Gleichmaß und Raffinesse
Der Messias" unter Kurz und Woll
Stuttgarter Nachrichten, 11.12.2007
Unter der Leitung von Dieter Kurz konnte man den "Messias" in der Domkirche St. Eberhard und tags darauf unter der Leitung von Jochen Woll in der Leonhardskirche hören. Dieter Kurz stützte sich dabei auf seinen Württembergischen Kammerchor und das von Wolfgang Rösch angeführte Ensemble Stuttgart. Jochen Woll hatte seinem Jungen Kammerchor Baden-Württemberg das Münchner Barockensemble "L"Arpa Festante" beigeordnet.
Dabei war Dieter Kurz zwar an einer deutlichen Strukturierung des Instrumentalsatzes gelegen, seine animierenden Impulse setzte das Ensemble aber nicht mit dem wünschenswerten Elan um. Das so entstehende pauschalierende Gleichmaß verhinderte die Durchleuchtung der Details. Der Württembergische Kammerchor zeigte sich strahlkräftig und stimmlich gut ausbalanciert, er vermochte Händels Figurationen locker sprudeln zu lassen, doch er differenzierte nicht genug und blieb in seiner Interpretation steif und unflexibel. Die Solisten, allen voran die ihre Stimme makellos führende Marlis Petersen (Sopran), nicht minder aber auch der seine vokalen Mittel variabel einsetzende Michael Volle (Bass), ebenso Julius Pfeifer (Tenor) und Kathrin Koch (Alt) zeigten sich gestalterisch agil.

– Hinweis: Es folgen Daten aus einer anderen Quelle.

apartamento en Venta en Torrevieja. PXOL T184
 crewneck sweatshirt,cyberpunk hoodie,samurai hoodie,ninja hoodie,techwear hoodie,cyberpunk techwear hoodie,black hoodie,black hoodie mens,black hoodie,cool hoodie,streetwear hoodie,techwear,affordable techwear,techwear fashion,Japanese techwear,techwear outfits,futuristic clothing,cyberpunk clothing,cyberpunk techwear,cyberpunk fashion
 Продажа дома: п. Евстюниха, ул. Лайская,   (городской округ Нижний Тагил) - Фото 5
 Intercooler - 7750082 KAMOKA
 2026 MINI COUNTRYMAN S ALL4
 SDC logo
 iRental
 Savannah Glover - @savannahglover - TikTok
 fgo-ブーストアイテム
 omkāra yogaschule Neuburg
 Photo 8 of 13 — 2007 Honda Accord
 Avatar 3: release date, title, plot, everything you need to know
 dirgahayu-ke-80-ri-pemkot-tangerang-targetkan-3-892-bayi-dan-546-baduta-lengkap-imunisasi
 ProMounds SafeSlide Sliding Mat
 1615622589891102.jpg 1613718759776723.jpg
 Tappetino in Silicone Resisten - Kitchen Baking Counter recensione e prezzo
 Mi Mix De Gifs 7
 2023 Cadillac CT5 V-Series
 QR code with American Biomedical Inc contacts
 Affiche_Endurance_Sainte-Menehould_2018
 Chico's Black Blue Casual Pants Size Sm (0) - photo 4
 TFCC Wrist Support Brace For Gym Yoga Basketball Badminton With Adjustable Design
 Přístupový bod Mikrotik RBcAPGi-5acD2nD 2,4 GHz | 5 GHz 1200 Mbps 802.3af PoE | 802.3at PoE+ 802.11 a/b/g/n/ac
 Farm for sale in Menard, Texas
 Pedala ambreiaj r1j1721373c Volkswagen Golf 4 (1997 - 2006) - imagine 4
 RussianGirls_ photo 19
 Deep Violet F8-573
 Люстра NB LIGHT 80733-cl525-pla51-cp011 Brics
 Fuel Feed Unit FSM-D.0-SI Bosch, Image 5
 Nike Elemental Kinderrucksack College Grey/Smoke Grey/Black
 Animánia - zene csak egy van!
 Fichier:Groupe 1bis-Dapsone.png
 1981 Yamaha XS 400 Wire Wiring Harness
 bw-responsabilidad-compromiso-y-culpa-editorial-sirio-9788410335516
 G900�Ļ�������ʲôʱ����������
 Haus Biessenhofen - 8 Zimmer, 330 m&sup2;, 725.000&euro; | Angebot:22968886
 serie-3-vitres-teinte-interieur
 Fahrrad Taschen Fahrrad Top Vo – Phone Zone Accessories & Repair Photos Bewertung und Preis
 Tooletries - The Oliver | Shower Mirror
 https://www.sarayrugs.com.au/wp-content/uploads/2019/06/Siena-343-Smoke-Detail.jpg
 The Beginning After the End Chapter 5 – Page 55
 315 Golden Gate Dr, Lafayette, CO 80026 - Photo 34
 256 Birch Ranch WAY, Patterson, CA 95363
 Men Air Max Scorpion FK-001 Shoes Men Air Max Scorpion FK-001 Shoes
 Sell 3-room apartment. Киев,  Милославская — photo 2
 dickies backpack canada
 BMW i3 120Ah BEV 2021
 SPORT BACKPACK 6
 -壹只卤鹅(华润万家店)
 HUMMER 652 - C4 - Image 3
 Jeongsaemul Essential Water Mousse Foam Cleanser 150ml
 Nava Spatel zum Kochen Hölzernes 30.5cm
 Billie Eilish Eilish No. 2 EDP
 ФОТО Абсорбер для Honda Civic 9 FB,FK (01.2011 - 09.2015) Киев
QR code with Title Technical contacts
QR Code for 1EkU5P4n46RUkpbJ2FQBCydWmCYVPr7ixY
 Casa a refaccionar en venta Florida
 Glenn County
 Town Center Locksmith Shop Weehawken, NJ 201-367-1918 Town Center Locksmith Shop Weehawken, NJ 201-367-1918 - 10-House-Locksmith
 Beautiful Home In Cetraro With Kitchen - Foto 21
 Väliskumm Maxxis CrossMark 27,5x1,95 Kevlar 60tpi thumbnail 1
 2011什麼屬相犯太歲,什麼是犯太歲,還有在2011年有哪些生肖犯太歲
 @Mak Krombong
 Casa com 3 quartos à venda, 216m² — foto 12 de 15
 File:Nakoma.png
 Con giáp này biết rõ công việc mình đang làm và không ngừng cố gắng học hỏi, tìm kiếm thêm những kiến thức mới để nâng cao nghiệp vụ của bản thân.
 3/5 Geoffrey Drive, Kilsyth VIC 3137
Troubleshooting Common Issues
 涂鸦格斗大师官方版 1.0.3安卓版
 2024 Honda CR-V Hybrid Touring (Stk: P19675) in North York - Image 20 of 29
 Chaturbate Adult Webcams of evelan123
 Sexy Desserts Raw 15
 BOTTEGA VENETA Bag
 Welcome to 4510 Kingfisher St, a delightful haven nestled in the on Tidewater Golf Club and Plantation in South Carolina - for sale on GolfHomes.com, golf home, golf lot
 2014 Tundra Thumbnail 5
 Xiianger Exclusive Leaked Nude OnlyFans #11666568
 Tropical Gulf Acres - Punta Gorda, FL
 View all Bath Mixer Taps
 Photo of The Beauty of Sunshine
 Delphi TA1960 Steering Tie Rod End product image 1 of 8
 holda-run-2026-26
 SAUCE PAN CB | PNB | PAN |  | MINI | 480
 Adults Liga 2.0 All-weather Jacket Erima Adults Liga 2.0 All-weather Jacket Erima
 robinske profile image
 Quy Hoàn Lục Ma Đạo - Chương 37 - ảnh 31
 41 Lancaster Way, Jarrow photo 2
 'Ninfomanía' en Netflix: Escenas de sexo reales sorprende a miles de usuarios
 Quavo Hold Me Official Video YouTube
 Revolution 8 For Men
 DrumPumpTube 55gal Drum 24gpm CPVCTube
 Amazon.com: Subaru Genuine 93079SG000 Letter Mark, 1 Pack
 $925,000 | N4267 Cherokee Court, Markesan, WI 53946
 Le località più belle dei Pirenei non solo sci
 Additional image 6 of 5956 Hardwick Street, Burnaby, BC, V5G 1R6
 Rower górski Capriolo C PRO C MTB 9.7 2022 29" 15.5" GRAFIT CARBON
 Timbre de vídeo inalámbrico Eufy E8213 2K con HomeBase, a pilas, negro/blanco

Trotzdem eröffnete sich in Wolls "Messias"-Aufführung eine ganz andere, um ein Vielfaches lebendigere Ausdruckswelt. Da bildeten die in der historischen Musizierpraxis bewanderten Vokalsolisten, die stimmlich silberglänzende Monika Mauch (Sopran), der balsamisch weich modellierende David Erler (Altus), der rhetorisch spannungsreich ausformulierende Andreas Weller (Tenor) sowie der stimmkräftige, dabei ungemein feinsinnig gestaltende Dominik Wörner (Bass) den Notentext fesselnd ab. Der Junge Kammerchor zeigte sich gestalterisch reaktionsschnell und differenzierungsfreudig. Ein besonderes Plus war das Orchester, das den Instrumentalsatz raffiniert und plastisch ausleuchtete. Besonders überzeugte die genauestens überdachte Übereinkunft der Instrumentalisten mit den Vokalisten - eine hoch sensible Wechselbeziehung.